BEGIN MATERIAL FOR THIS EXERCISE

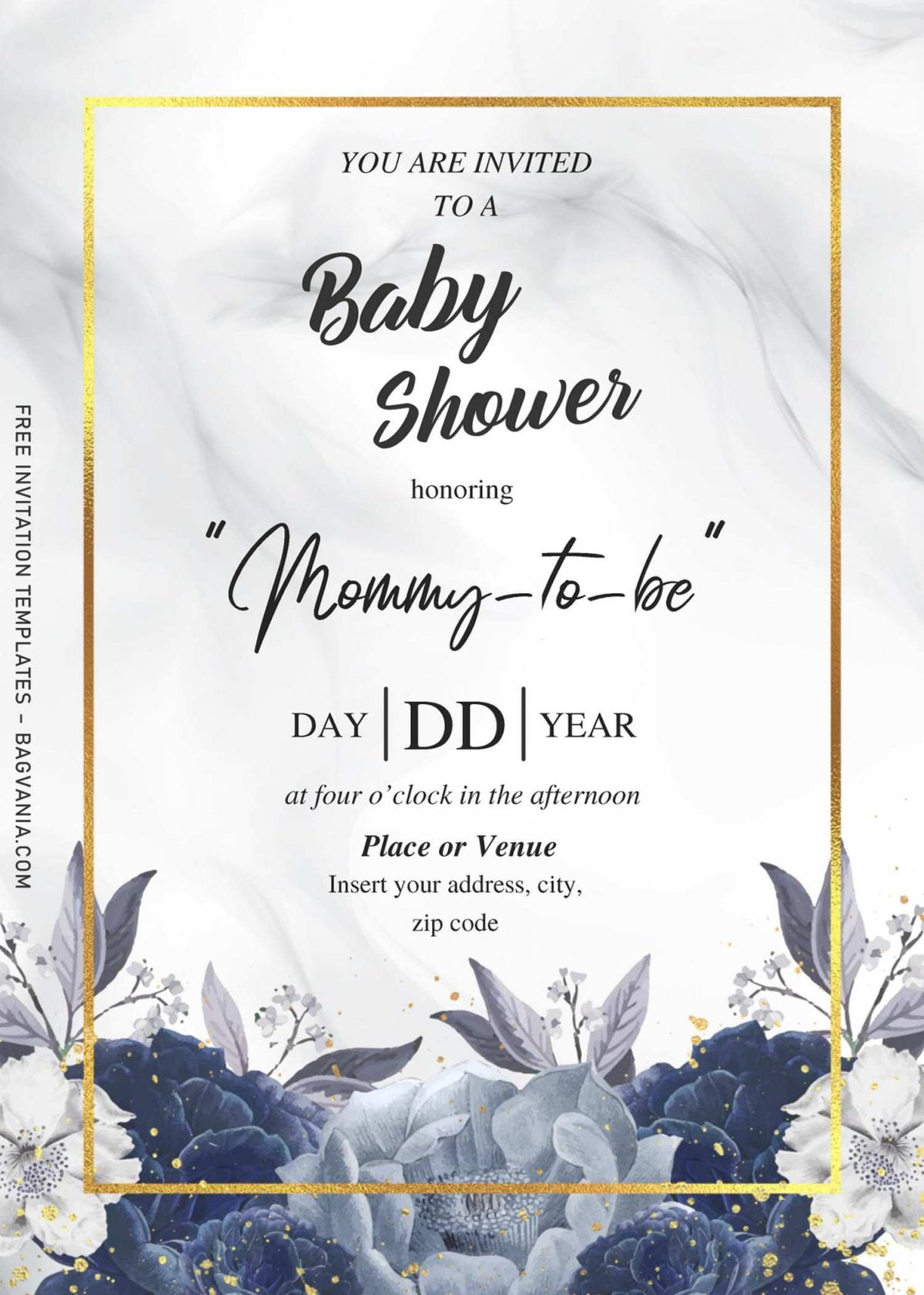 Dusty Blue Rose Baby Shower Invitation Templates - Editable With MS Word and has white and black marble background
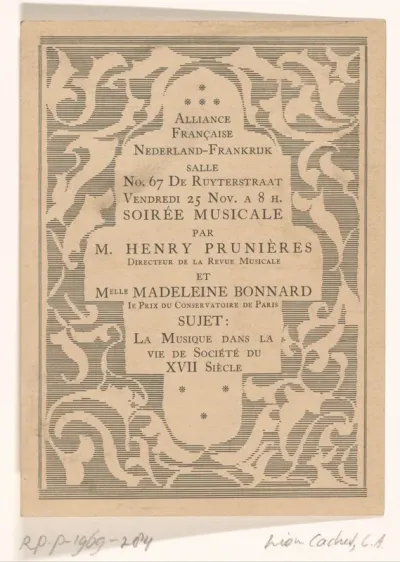 Aankondiging voor muziekavond van de Alliance Française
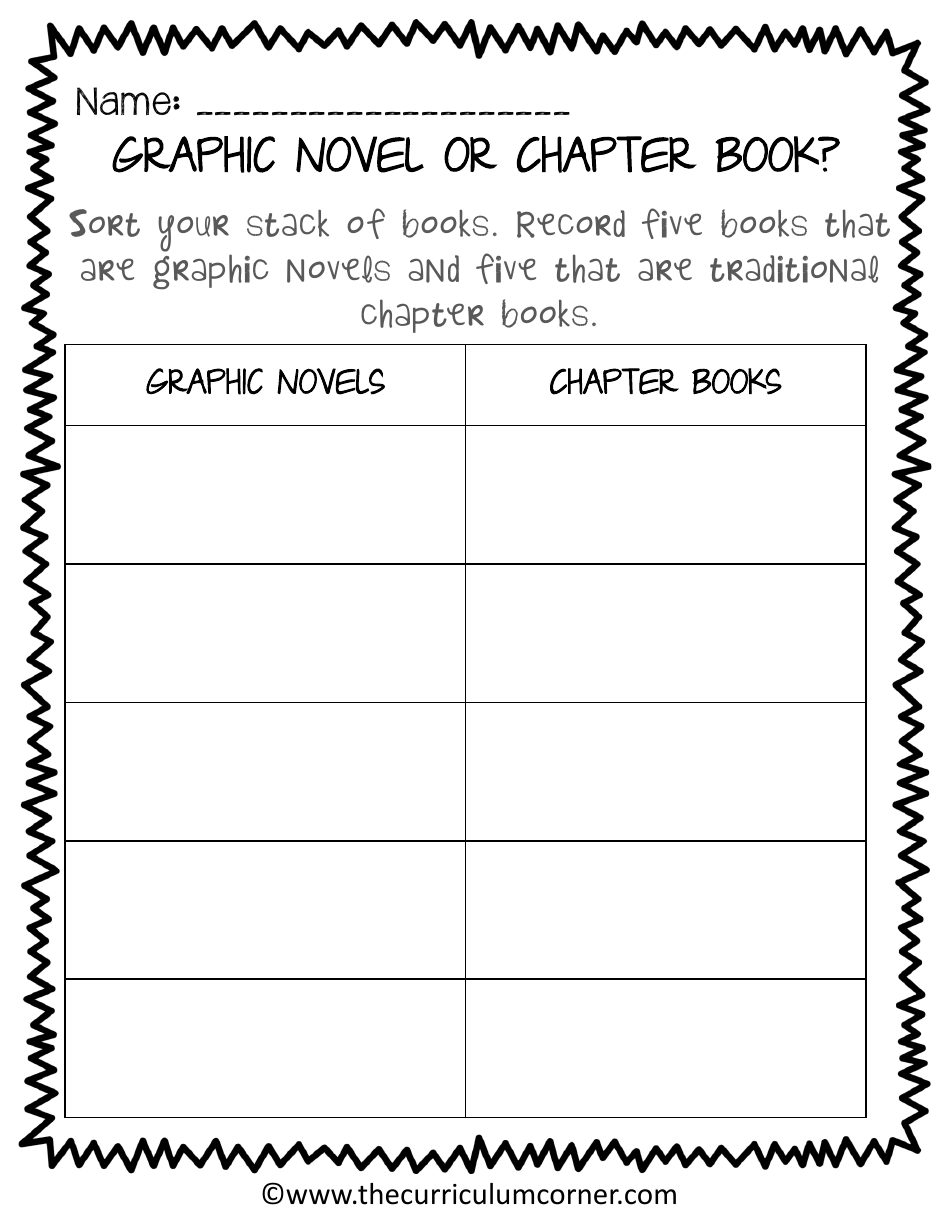 Graphic Novel Classroom Activity Templates, Page 5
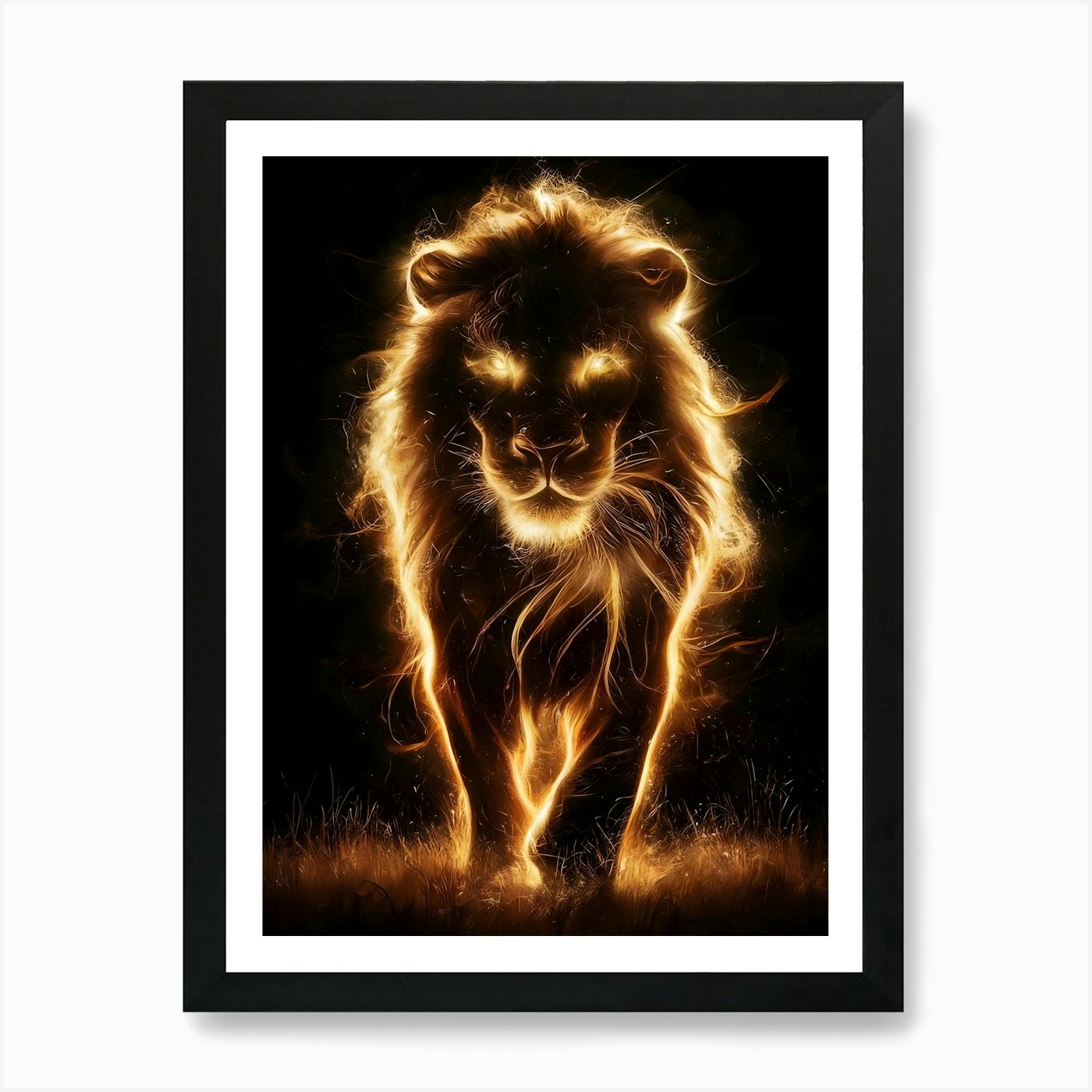 Fire Lion 2 Art Print Framed Wall Art Poster Canvas Print Picture
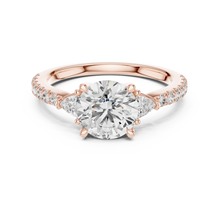 Round Moissanite Ring with Trillion Sides and Pavé Band in rose 925 sterling silver, view 4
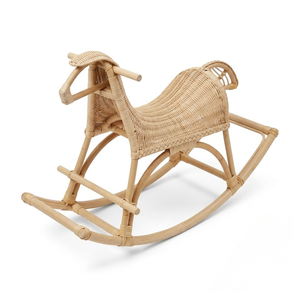 Caballito Mecedor de Mimbre Tejido a Mano para Niños, Silla Mecedora Infantil de Mimbre Natural, Precio Económico al por Mayor - Product Image 1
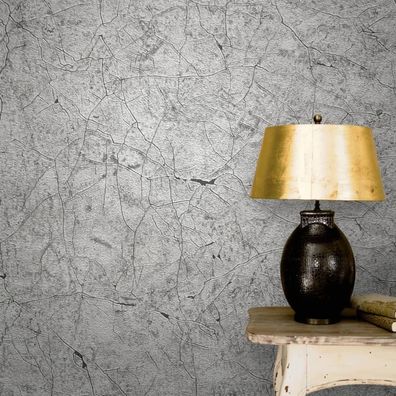 Noordwand Tapete Vintage Deluxe Stucco Crackle Metallic-Grau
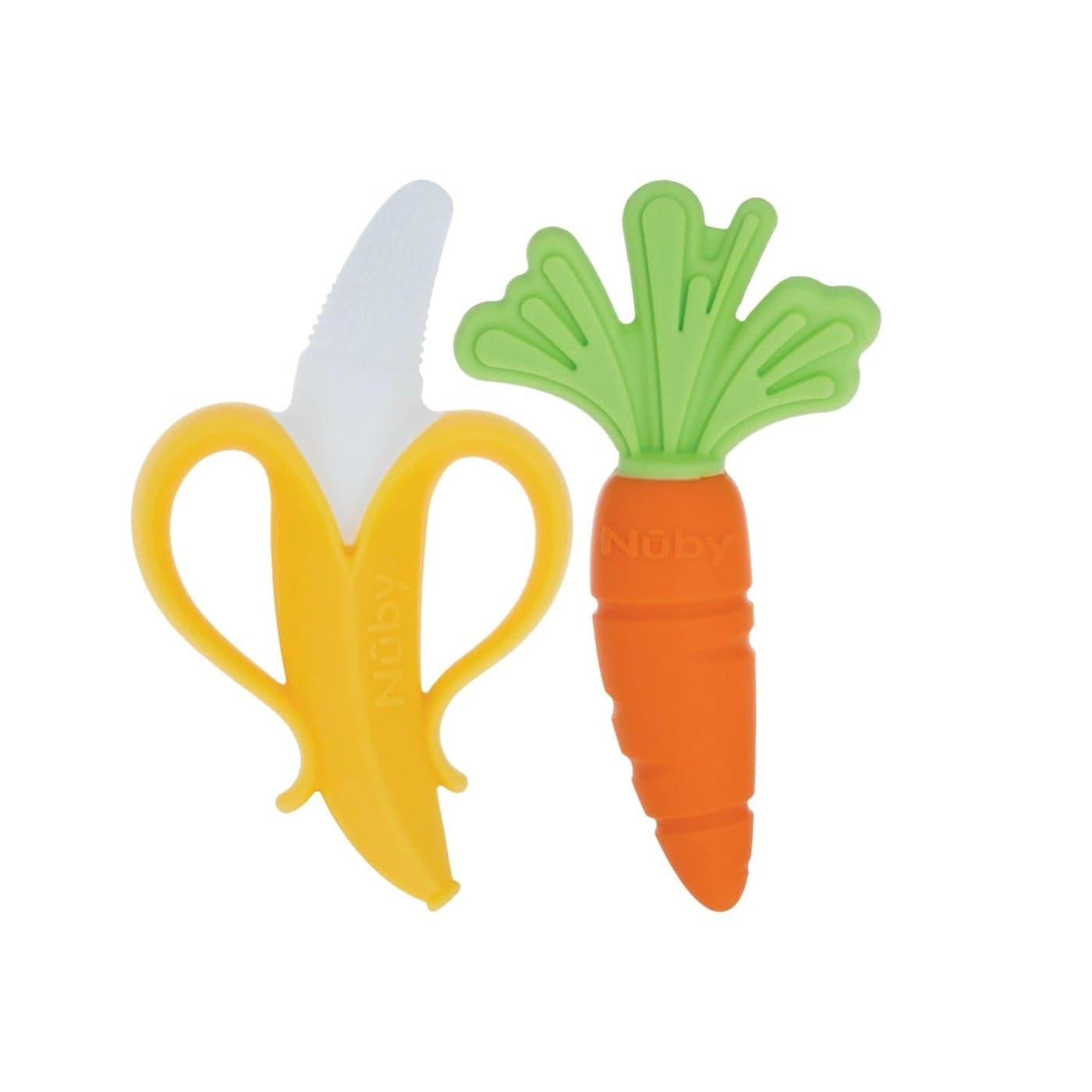 Nuby NanaNubs Banana Massaging Toothbrush and Carrot Teether 2 Pack Baby Teething Toys for 3 Months
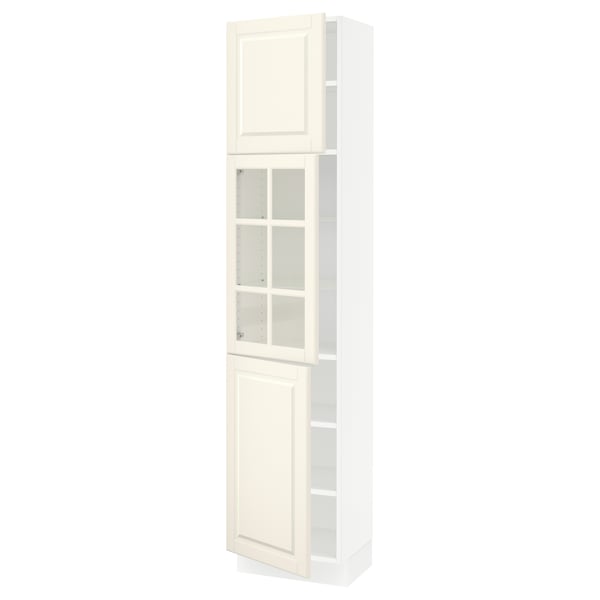 SEKTION Gabinete alto+puerta vidrio/2 prta, blanco/Bodbyn color hueso, 18x15x80 "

END MATERIAL FOR THIS EXERCISE

The records above must be retyped exactly. Please omit the pictures.

* _RESPONSE TO THE TASK_:
 Dusty Blue Rose Baby Shower Invitation Templates - Editable With MS Word and has white and black marble background
 Aankondiging voor muziekavond van de Alliance Française
 Graphic Novel Classroom Activity Templates, Page 5
 Fire Lion 2 Art Print Framed Wall Art Poster Canvas Print Picture
 Round Moissanite Ring with Trillion Sides and Pavé Band in rose 925 sterling silver, view 4
 Caballito Mecedor de Mimbre Tejido a Mano para Niños, Silla Mecedora Infantil de Mimbre Natural, Precio Económico al por Mayor - Product Image 1
 Noordwand Tapete Vintage Deluxe Stucco Crackle Metallic-Grau
 Nuby NanaNubs Banana Massaging Toothbrush and Carrot Teether 2 Pack Baby Teething Toys for 3 Months
 SEKTION Gabinete alto+puerta vidrio/2 prta, blanco/Bodbyn color hueso, 18x15x80 "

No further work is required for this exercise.